#### [PROBLEM TO SOLVE]
The required output is the exact text of the lines from the line containing "Used 2024 Volkswagen Tiguan S image 17" through the final line below, inclusive, without pictures.

'''

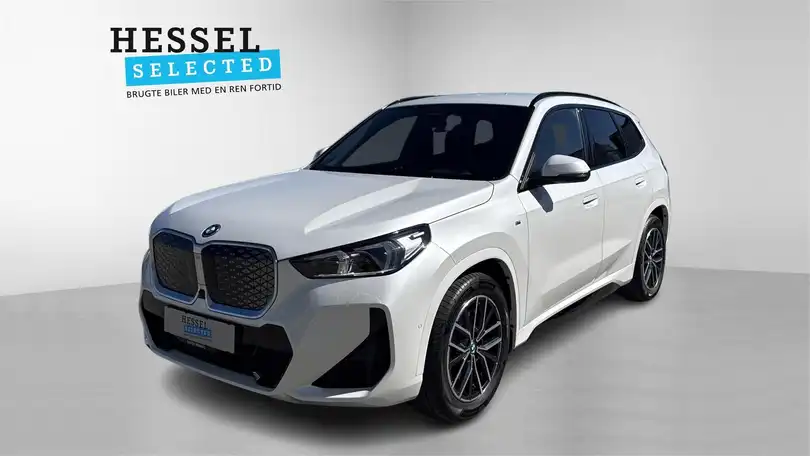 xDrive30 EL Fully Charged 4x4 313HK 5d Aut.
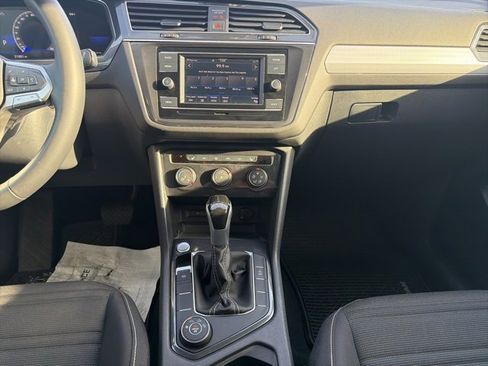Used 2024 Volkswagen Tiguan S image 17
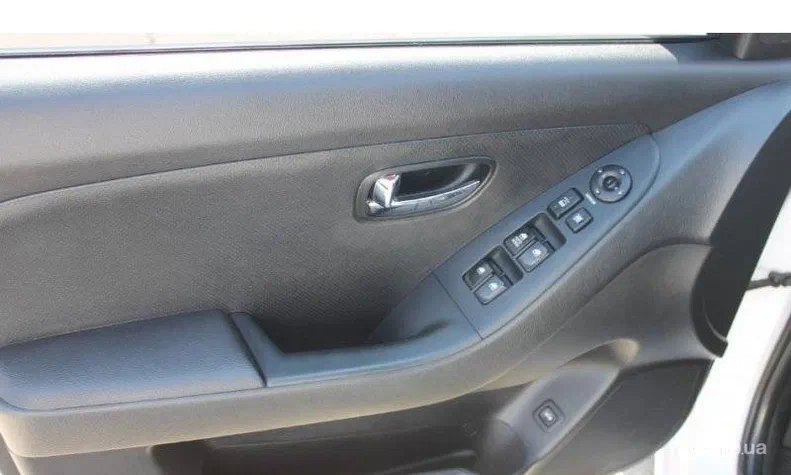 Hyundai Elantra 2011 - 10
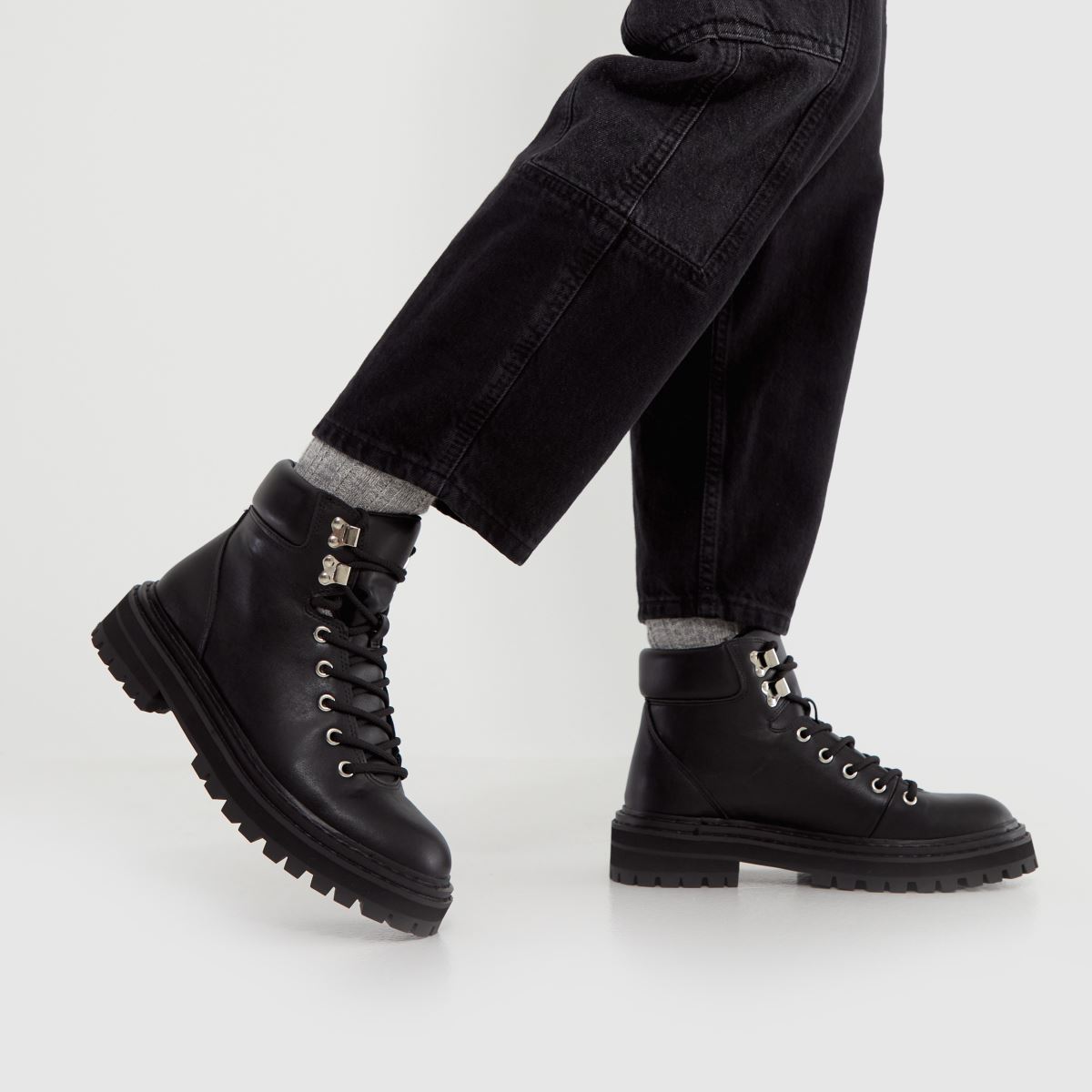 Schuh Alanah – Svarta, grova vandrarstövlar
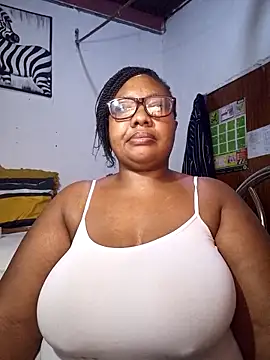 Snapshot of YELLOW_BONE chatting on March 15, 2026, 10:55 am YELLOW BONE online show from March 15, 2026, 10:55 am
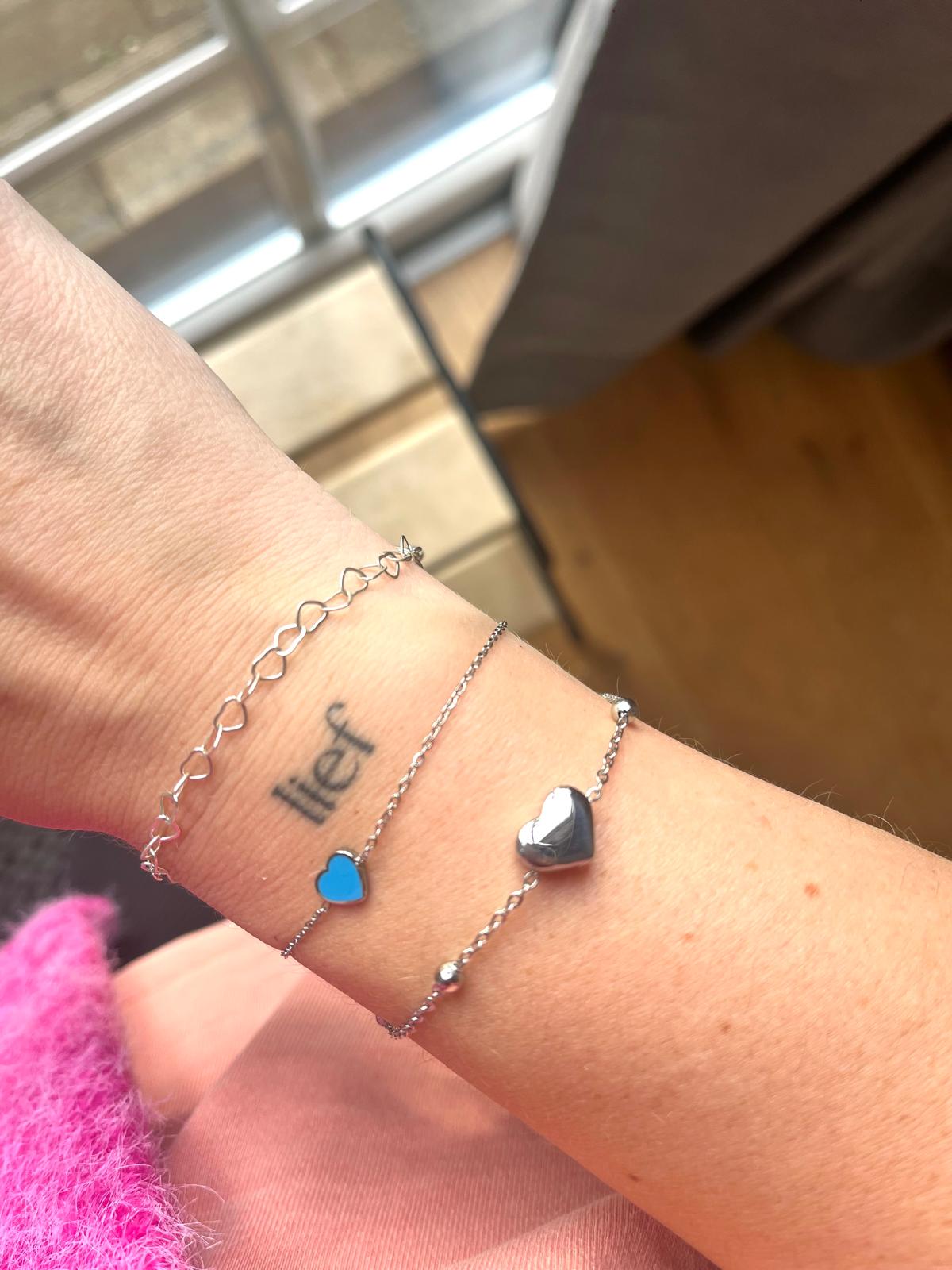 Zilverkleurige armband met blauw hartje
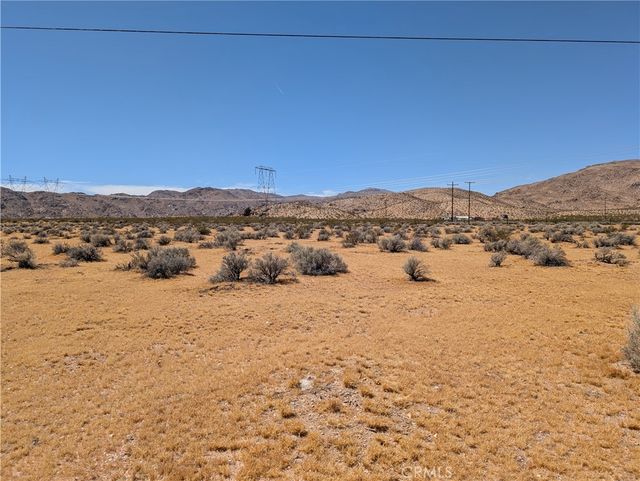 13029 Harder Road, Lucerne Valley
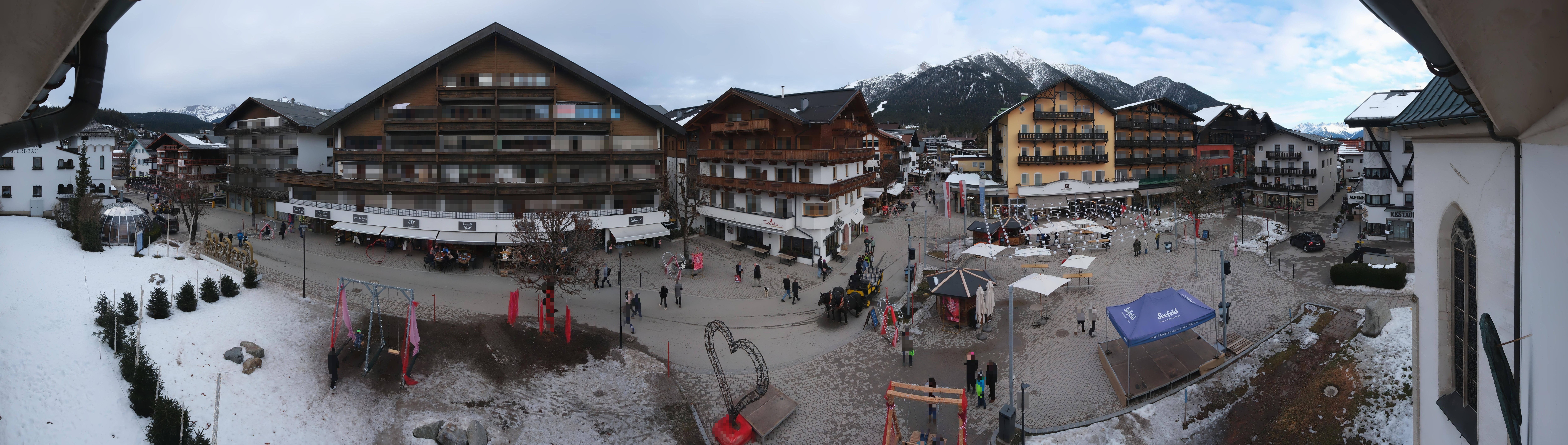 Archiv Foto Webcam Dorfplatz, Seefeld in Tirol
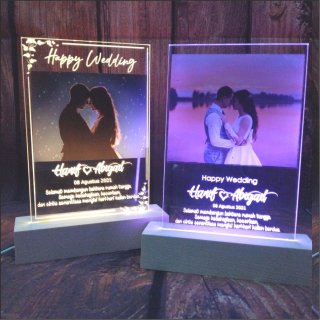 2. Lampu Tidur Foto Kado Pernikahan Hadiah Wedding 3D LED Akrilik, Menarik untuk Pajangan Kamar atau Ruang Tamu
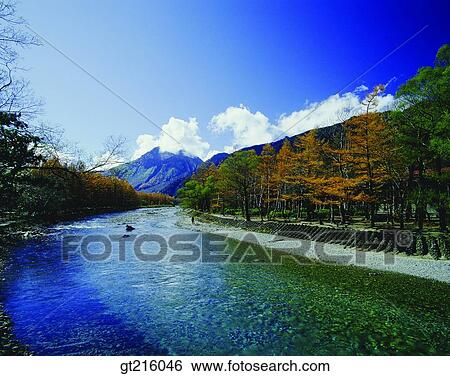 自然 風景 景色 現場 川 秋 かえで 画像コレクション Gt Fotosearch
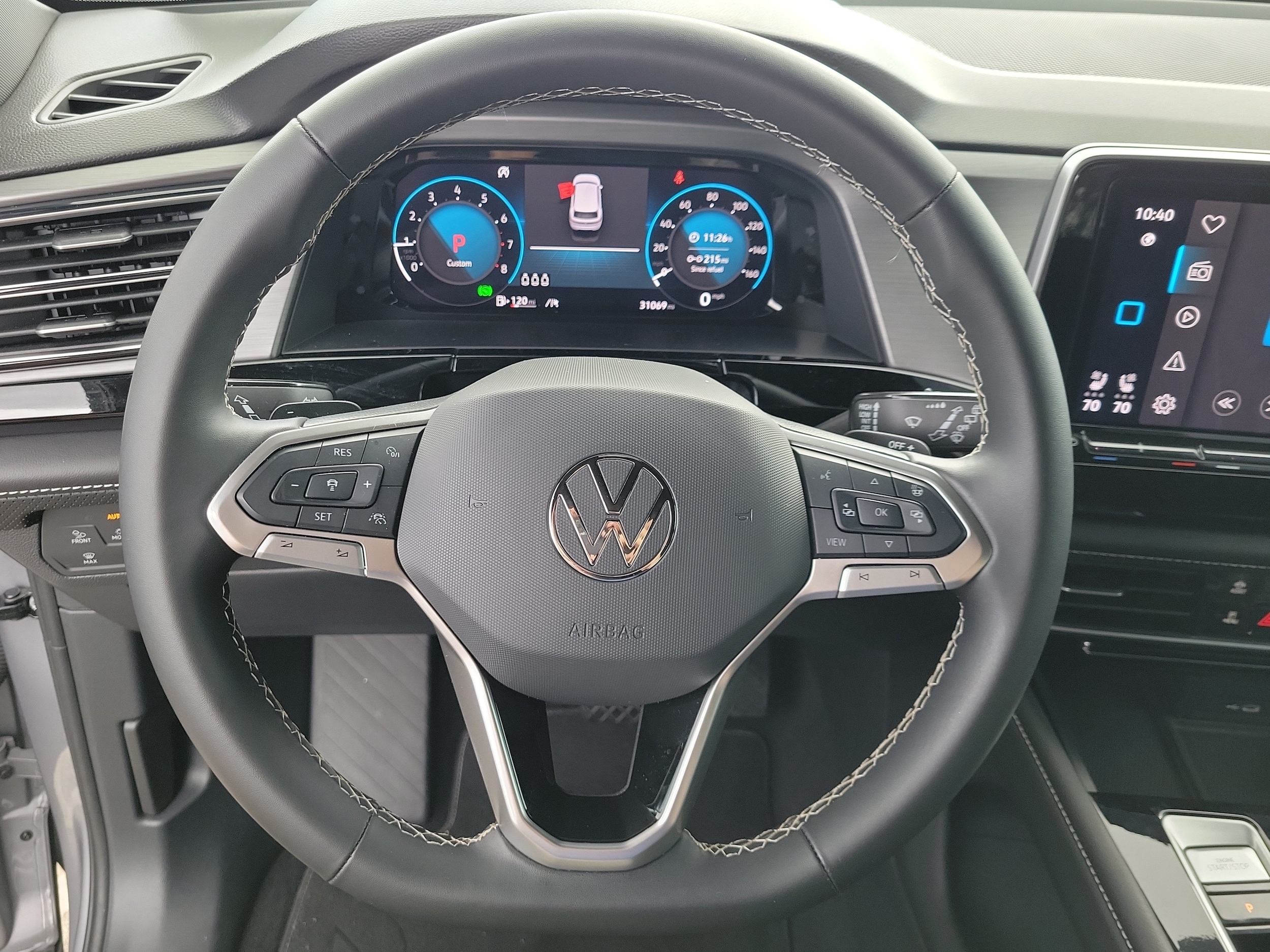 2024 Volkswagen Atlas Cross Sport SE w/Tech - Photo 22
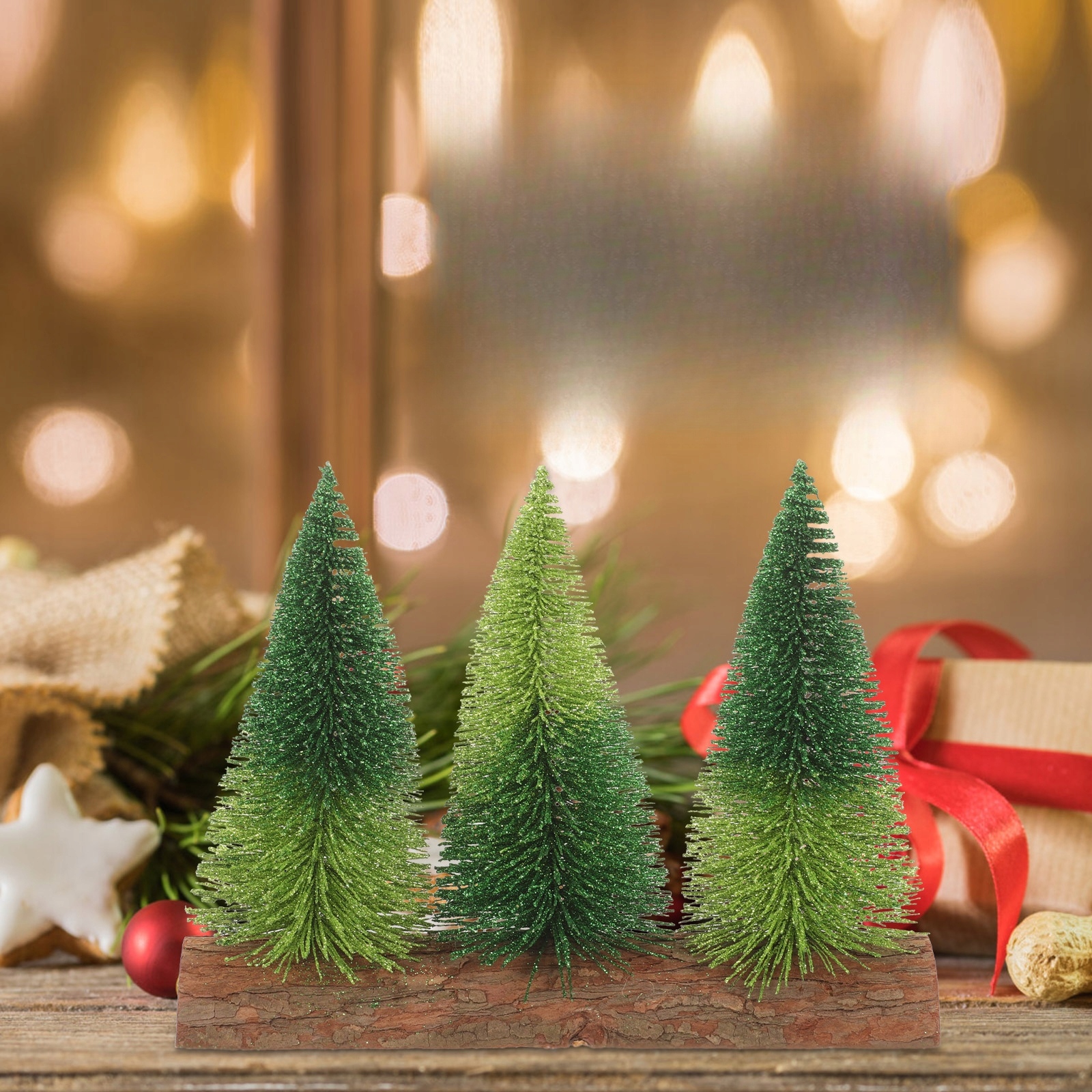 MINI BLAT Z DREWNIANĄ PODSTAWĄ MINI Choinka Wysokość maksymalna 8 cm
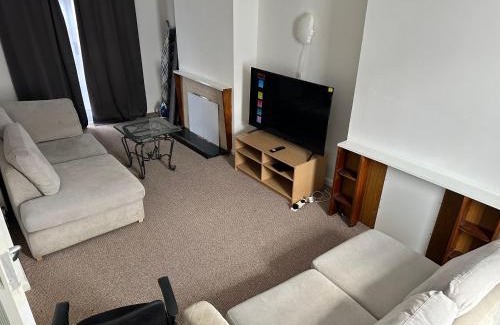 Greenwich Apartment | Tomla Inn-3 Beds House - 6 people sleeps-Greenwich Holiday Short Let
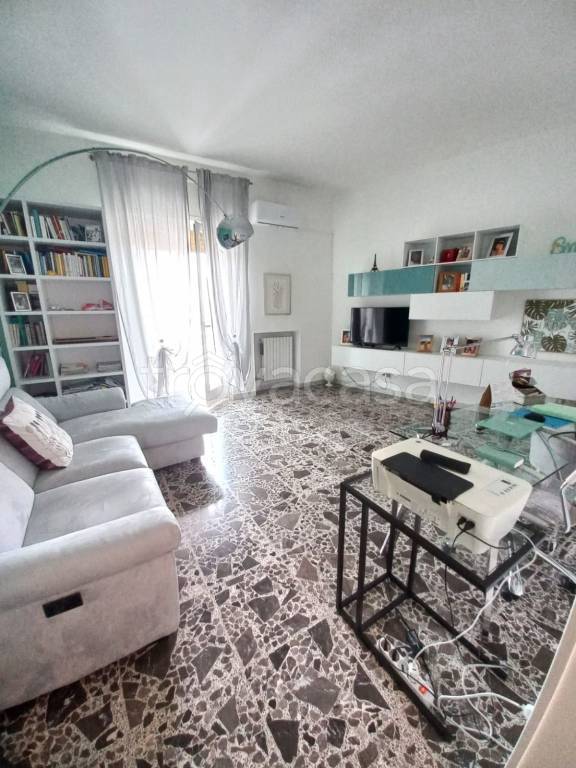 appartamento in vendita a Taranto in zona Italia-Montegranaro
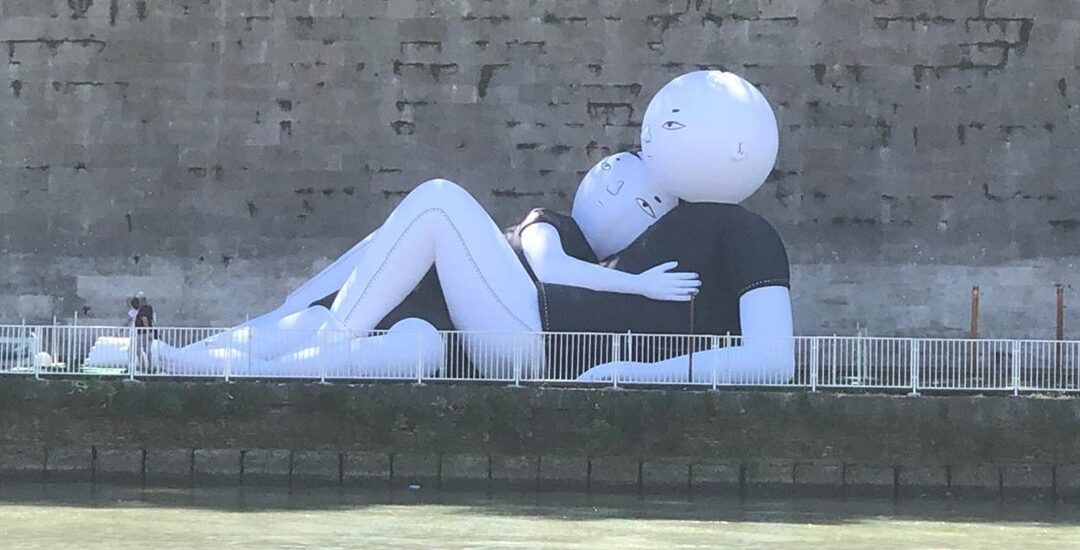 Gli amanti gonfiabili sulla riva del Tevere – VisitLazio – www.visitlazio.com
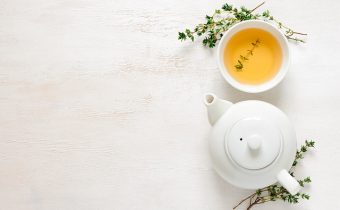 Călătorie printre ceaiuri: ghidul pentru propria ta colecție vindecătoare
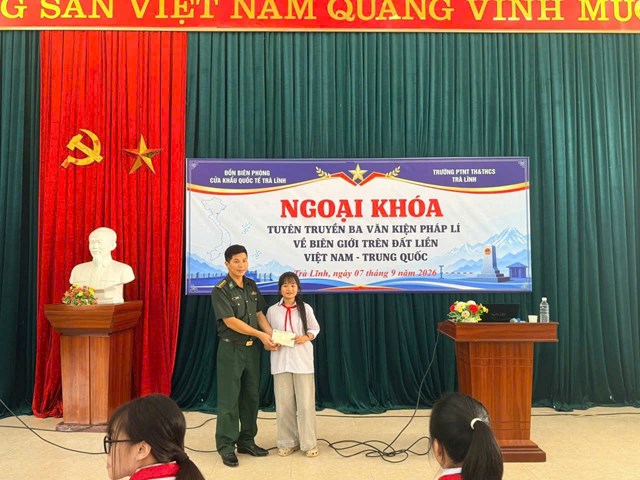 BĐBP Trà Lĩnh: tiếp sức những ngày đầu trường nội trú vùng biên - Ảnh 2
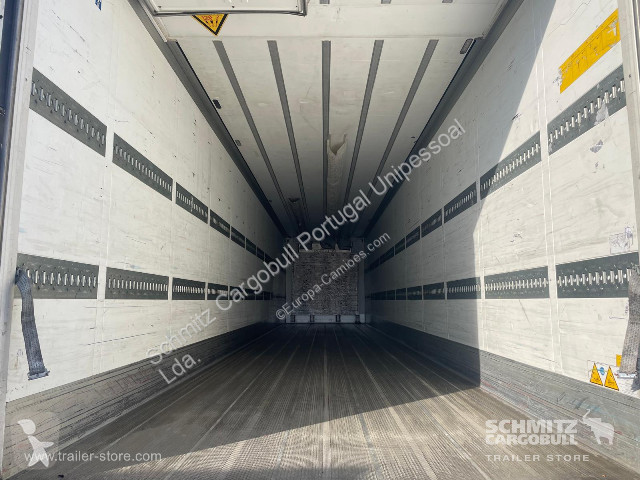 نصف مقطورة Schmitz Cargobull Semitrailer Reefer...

'''

#### [FINISHED TASK]
Used 2024 Volkswagen Tiguan S image 17
 Hyundai Elantra 2011 - 10
 Schuh Alanah – Svarta, grova vandrarstövlar
 Snapshot of YELLOW_BONE chatting on March 15, 2026, 10:55 am YELLOW BONE online show from March 15, 2026, 10:55 am
 Zilverkleurige armband met blauw hartje
 13029 Harder Road, Lucerne Valley
 Archiv Foto Webcam Dorfplatz, Seefeld in Tirol
 2. Lampu Tidur Foto Kado Pernikahan Hadiah Wedding 3D LED Akrilik, Menarik untuk Pajangan Kamar atau Ruang Tamu
 自然 風景 景色 現場 川 秋 かえで 画像コレクション Gt Fotosearch
 2024 Volkswagen Atlas Cross Sport SE w/Tech - Photo 22
 MINI BLAT Z DREWNIANĄ PODSTAWĄ MINI Choinka Wysokość maksymalna 8 cm
 Greenwich Apartment | Tomla Inn-3 Beds House - 6 people sleeps-Greenwich Holiday Short Let
 appartamento in vendita a Taranto in zona Italia-Montegranaro
 Gli amanti gonfiabili sulla riva del Tevere – VisitLazio – www.visitlazio.com
 Călătorie printre ceaiuri: ghidul pentru propria ta colecție vindecătoare
 BĐBP Trà Lĩnh: tiếp sức những ngày đầu trường nội trú vùng biên - Ảnh 2
 نصف مقطورة Schmitz Cargobull Semitrailer Reefer...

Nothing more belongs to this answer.